Les poèmes de Grandbois ont apporté un ton nouveau et de nouvelles inflexions à la poésie québécoise. On dit que dans ses poèmes on ressent une «santé de parole», et il sait y utiliser un langage de libération. Jacques Brault considère que Les Îles de la nuit ont été dans l'histoire de la poésie québécoise une révélation comparable… à la révélation baudelairienne en France. Les vers d'Alain Grandbois se font écho bien sûr de ses traits de caractère, de ses solitudes, de ses souffrances; et les sentiments qui s'y expriment s'accordent à la situation et à l'atmosphère du Québec, et à la condition générale de vie des Québécois.

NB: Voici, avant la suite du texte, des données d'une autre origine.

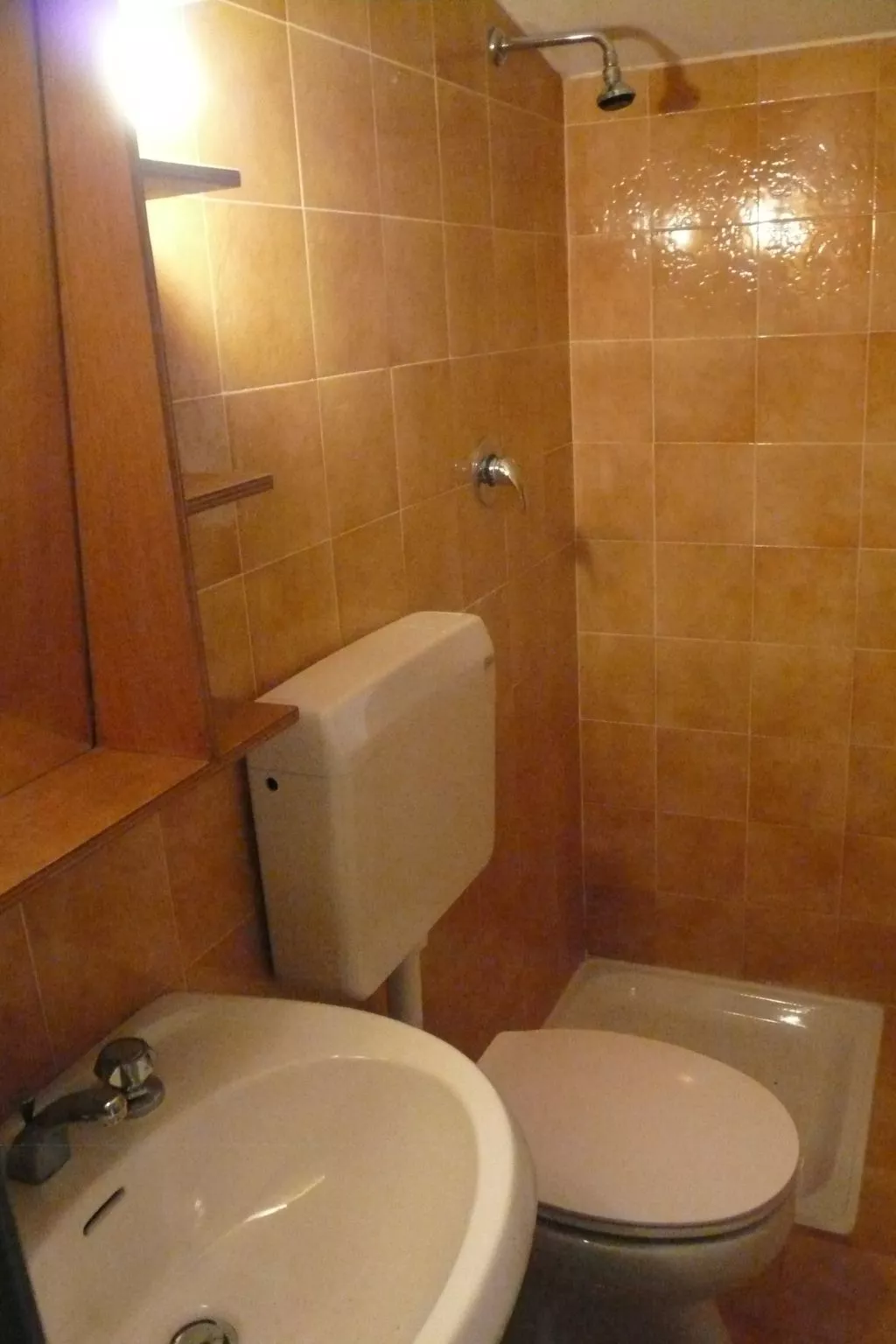 Wohnung mit Terrasse mit Blick auf den Gardasee-Inside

À ce début de siècle, comme dit Jacques Brault, "Nous nous persuadions volontiers que nous étions entrés dans l'existence comme on entre en agonie", "Le Québec ne semblait être qu'un vaste ennui", "l'âme québécoise ressemble à ces eaux noires qui sous leur peau lisse ont l'air de dormir, et peut-être qu'elles dorment réellement", "Au pays de Québec, rien ne change".
"Il faut imaginer cette existence frileuse d'un petit peuple encagé, confiné dans une histoire fausse et une géographie hostile" pour comprendre l'inquiétude, l'angoisse de ce jeune poète qui était pourtant "nanti d'un héritage confortable, gai, sportif, aimant et aimé".
Avant le Seconde Guerre Mondiale, on appelait Alain Grandbois, Rina Lasnier, Anne Hébert, Saint-Denys Garneau «les quatre aînés». On les qualifie poètes isolés parce qu'ils faisaient cavalier seul, et que leur création était marquée d'un profond sentiment d'isolement.
D'Anne Hébert à Alain Grandbois, de Jean-Guy Pilon à Roland Giguère tout poème qui mérite d'être cité doit sa renommée à son audace de se faire écho à cette aliénation dont souffraient les Québécois.